Approximately one in five adults in our sample had depression. A high proportion of participants presented indicators of social disadvantage and other risk factors previously associated with depression worldwide. There was a large treatment gap for depression in the Amazonian region, which demonstrates the need for innovative models of depression care in primary care settings in Brazil.
抑郁症的患病率在高收入国家以及低收入国家的大城市中已得到广泛研究;然而,对于巴西亚马逊地区偏远地区抑郁症的患病率及治疗差距却知之甚少。
本研究的目的是估计巴西亚马逊地区两个偏远城市中登记在家庭健康战略下的成年人抑郁症患病率,并调查患有抑郁症且接受了精神卫生保健的个体比例。

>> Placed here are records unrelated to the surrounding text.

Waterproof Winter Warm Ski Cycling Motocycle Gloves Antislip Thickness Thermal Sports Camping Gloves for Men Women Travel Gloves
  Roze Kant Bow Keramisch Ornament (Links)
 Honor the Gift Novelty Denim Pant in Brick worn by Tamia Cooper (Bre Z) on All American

这是一项对巴西亚马逊州科阿里市和特费市初级保健诊所登记的成年人口进行的横断面研究。抑郁症定义为患者健康问卷-9得分≥10分。通过询问患有抑郁症的参与者在访谈前三个月是否服用了抗抑郁药和/或是否在社区精神卫生中心接受过卫生专业人员的诊治来评估抑郁症护理情况。采用泊松回归分析来检验抑郁症与暴露变量之间的未调整和调整后的关联。
抑郁症的总体患病率为19.1%(95%置信区间:17.2 - 21.1),女性患病率为22.2%(95%置信区间:19.3 - 25.0),男性患病率为16.0%(95%置信区间:13.4 - 18.5)。科阿里市和特费市的抑郁症患病率分别为18.3%(95%置信区间15.7 - 21.0)和19.9%(95%置信区间:17.2 - 22.7)。女性、缺乏社会支持、更多暴露于应激性生活事件以及患有更多的内科合并症始终与抑郁症相关。在未调整分析中,较低的教育程度和收入、吸烟以及危险饮酒也与抑郁症相关。在访谈前三个月,只有11.5%的抑郁症患者正在服用抗抑郁药和/或就诊于精神卫生保健机构。
在我们的样本中,约五分之一的成年人患有抑郁症。很大一部分参与者呈现出社会劣势指标以及先前在全球范围内与抑郁症相关的其他风险因素。亚马逊地区抑郁症的治疗差距很大,这表明巴西初级保健机构需要创新的抑郁症护理模式。